A woman whose case renewed criticism of the Los Angeles County District Attorney’s handling of her juvenile case pleaded not guilty Tuesday to the murder of a Washington man in neighboring Kern County.
Twenty-six-year-old Hannah Tubbs is charged with the April 21, 2019, murder and second-degree robbery of 22-year-old Michael Clark, whose body was found in the Kern River in August 2019.
Friends who visited the area with the victim had reported him missing May 2, 2019, KGET reported.
Tubbs had previously been ordered to serve two years in juvenile custody for sexually assaulting a 10-year-old girl in Palmdale in Los Angeles County. The Los Angeles County District Attorney’s Office was said it was not aware of the murder allegation against Tubbs until Tuesday.
“As a result, we were never given the opportunity to consider this critical information before proceeding with our case in Los Angeles County,” said Public Information Officer Ricardo Santiago. “The murder in Kern County took place before our case was adjudicated.”
Tubbs, a transgender woman, was being held in lieu of $1 million bail. She is due back in court May 20 in connection with the murder charge, which was filed under her former name.
In February, Los Angeles County District Attorney George Gascón conceded that Tubbs’ sentence in the Los Angeles County sexual assault case “may not” be adequate. He backed away from one of his most criticized directives that had eliminated the option of trying juveniles as adults for serious crimes.
Gascón said in a statement in February that he became aware after Tubbs’ sentencing about “extremely troubling statements she made about her case, the resolution of it and the young girl that she harmed.”
“While for most people, several years of jail time is adequate, it may not be for Ms. Tubbs,” Gascón said of Tubbs, who was 17 at the time of the 2014 attack in the restroom of a Palmdale restaurant.
Tubbs’ case was handled in juvenile court as a result of a directive Gascón issued the day he was sworn
into office.
Gascón noted that the defendant was arrested years after the crime “rather than the usual case, where a child is arrested close in time to their crime” and that Tubbs had “several charges in other counties after the juvenile offense but never received any services, which both her past behavior and that subsequent to her arrest demonstrates she clearly needs.”
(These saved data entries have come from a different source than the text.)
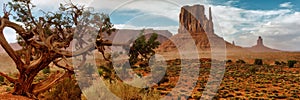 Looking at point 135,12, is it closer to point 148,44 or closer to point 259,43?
point 148,44

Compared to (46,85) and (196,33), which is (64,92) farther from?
(196,33)

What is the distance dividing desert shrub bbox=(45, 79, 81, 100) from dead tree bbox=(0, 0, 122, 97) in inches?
18.1

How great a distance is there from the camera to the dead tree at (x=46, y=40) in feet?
36.5

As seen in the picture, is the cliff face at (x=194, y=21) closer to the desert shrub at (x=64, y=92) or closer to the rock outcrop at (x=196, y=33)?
the rock outcrop at (x=196, y=33)

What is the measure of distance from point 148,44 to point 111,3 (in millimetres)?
2304

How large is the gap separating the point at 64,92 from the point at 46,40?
2.10 metres

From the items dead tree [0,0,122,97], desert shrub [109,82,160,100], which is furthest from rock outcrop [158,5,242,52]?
desert shrub [109,82,160,100]

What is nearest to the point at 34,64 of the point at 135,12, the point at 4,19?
the point at 4,19

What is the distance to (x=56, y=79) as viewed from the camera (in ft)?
39.3

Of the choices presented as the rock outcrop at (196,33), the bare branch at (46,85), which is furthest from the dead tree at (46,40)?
the rock outcrop at (196,33)

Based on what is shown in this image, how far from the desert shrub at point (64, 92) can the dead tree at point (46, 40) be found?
18.1 inches

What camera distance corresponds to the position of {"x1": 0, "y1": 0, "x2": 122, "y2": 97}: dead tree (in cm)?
1112

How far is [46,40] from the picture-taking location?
11328 millimetres

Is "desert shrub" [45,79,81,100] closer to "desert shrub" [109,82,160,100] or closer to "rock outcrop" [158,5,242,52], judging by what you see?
"desert shrub" [109,82,160,100] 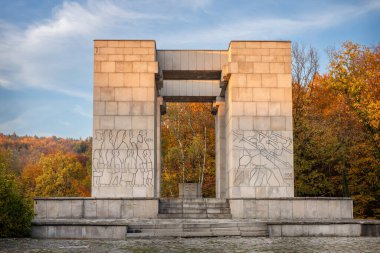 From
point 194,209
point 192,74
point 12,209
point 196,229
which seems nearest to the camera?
point 12,209

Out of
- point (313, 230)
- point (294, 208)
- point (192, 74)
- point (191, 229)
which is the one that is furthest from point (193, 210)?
point (192, 74)

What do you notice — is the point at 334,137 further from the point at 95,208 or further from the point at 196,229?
the point at 196,229

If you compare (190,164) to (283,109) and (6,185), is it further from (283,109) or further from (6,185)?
(6,185)

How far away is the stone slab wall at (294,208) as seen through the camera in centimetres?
2197

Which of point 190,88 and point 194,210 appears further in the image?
point 190,88

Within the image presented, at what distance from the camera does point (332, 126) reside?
113ft

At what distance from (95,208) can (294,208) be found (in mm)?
8757

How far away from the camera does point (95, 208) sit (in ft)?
72.3

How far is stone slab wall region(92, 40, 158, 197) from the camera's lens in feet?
78.1

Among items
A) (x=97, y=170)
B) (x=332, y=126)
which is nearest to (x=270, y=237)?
(x=97, y=170)

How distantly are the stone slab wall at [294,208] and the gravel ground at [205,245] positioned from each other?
5.49m

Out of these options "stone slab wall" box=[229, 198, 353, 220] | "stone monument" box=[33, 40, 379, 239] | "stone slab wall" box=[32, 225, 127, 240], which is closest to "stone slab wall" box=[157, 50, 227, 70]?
"stone monument" box=[33, 40, 379, 239]

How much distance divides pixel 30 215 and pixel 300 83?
2752cm

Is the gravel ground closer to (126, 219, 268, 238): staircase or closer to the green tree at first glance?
(126, 219, 268, 238): staircase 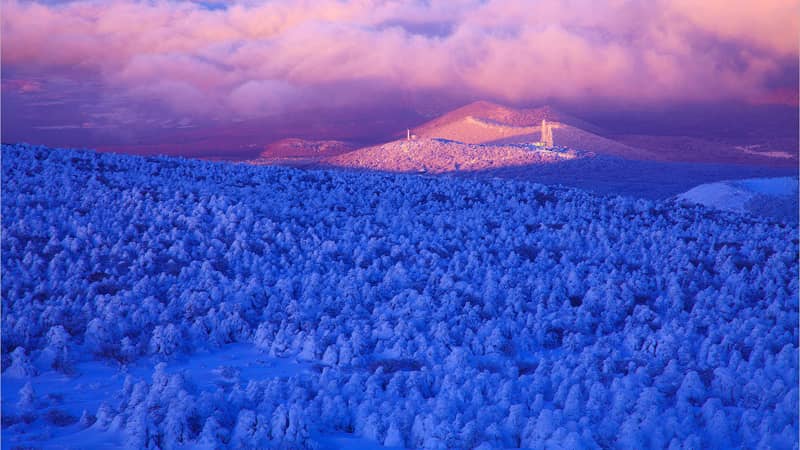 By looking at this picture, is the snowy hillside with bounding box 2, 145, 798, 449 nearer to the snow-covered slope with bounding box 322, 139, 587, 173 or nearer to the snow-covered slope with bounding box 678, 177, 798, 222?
the snow-covered slope with bounding box 678, 177, 798, 222

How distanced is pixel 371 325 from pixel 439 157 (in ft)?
187

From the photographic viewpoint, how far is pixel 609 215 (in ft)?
82.3

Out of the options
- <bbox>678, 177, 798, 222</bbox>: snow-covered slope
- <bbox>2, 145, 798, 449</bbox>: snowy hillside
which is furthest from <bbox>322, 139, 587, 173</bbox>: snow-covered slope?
<bbox>2, 145, 798, 449</bbox>: snowy hillside

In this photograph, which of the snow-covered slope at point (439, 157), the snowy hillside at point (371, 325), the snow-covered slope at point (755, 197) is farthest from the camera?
the snow-covered slope at point (439, 157)

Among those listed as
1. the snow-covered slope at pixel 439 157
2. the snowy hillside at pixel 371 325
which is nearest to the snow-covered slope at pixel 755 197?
the snowy hillside at pixel 371 325

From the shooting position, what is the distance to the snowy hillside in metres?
8.34

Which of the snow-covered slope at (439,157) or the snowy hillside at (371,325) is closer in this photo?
the snowy hillside at (371,325)

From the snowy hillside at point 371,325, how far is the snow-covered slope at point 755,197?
2003cm

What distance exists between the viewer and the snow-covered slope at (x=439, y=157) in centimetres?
6619

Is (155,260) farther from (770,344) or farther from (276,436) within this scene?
(770,344)

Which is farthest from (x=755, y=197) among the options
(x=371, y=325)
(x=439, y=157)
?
(x=371, y=325)

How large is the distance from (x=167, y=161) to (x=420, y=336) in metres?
21.7

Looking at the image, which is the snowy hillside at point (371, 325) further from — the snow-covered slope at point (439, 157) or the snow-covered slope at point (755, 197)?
the snow-covered slope at point (439, 157)

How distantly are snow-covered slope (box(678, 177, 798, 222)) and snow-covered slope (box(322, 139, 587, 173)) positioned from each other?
23.9 meters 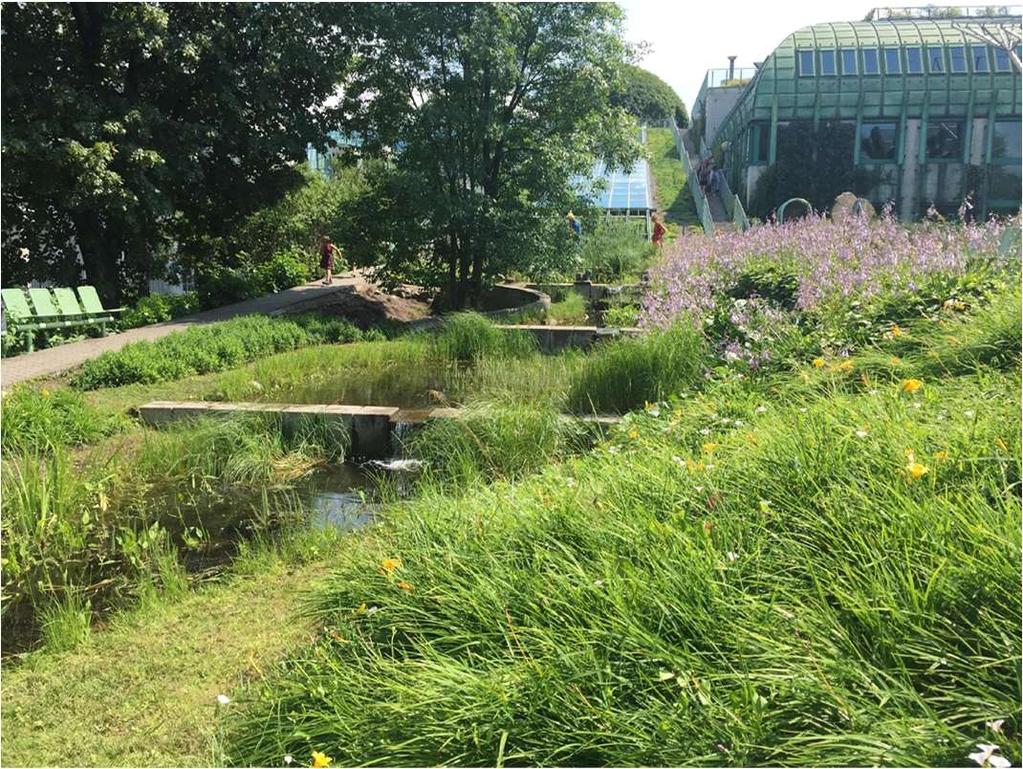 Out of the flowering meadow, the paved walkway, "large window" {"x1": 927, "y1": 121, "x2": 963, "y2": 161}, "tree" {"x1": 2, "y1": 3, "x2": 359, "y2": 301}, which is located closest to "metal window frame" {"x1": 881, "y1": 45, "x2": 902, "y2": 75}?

“If we knew about her disregard for the harm she caused, we would have handled this case differently. The complex issues and facts of her particular case were unusual and I should have treated them that way. This change in policy will allow us the space to do that moving forward,” Gascón said in his statement.
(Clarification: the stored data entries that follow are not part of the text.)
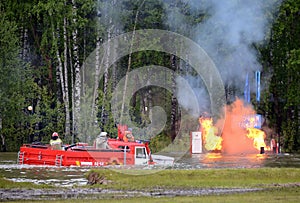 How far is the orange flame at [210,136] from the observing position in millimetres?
50722

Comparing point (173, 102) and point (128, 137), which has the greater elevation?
point (173, 102)

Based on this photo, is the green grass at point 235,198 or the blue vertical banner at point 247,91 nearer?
the green grass at point 235,198

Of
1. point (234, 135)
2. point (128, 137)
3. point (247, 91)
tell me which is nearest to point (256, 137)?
point (234, 135)

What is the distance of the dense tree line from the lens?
50.4 m

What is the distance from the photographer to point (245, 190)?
79.3 ft

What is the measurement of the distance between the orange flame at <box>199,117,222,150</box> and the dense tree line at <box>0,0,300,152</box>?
319 centimetres

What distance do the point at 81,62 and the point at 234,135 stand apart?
43.4 ft

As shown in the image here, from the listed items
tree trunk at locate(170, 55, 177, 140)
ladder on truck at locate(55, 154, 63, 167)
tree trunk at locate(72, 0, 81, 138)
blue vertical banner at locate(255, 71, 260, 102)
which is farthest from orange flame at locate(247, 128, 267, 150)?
ladder on truck at locate(55, 154, 63, 167)

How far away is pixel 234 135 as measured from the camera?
5256 cm

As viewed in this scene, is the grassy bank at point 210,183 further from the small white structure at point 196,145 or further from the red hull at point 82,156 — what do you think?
the small white structure at point 196,145

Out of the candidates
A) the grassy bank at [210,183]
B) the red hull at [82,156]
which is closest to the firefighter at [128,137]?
the red hull at [82,156]

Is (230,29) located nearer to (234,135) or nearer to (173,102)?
(234,135)

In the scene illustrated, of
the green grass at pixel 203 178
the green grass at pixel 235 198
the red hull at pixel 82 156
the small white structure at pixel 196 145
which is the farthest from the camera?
the small white structure at pixel 196 145

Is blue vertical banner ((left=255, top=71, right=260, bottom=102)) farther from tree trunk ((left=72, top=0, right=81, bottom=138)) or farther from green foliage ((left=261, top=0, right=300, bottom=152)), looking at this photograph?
tree trunk ((left=72, top=0, right=81, bottom=138))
Gascón — who is facing a recall effort by those who feel his reforms favor the interests of criminals over the safety of the public at large — subsequently acknowledged that Tubbs’ case would be handed in adult court if he had the opportunity to do things over again.
Gascón had vowed in his December 2020 directive that the District Attorney’s Office would “immediately END the practice of sending youths to the adult court system.”
However, he abruptly changed his position on that with a series of memos to office staff, including one in which he noted that “in exceptional circumstances, criminal jurisdiction may be appropriate for youth offenders” and that juveniles may be selectively transferred to the adult court system in the “most egregious cases that warrant a state prison commitment.”
Supervisor Kathryn Barger called the outcome of Tubbs’ sexual assault case “unsatisfactory,” saying in a Jan. 27 statement that the judge’s hands were “tied … due to the fact that the DA’s office failed to file a motion to transfer Tubbs to adult criminal court, which is where she rightly belongs.”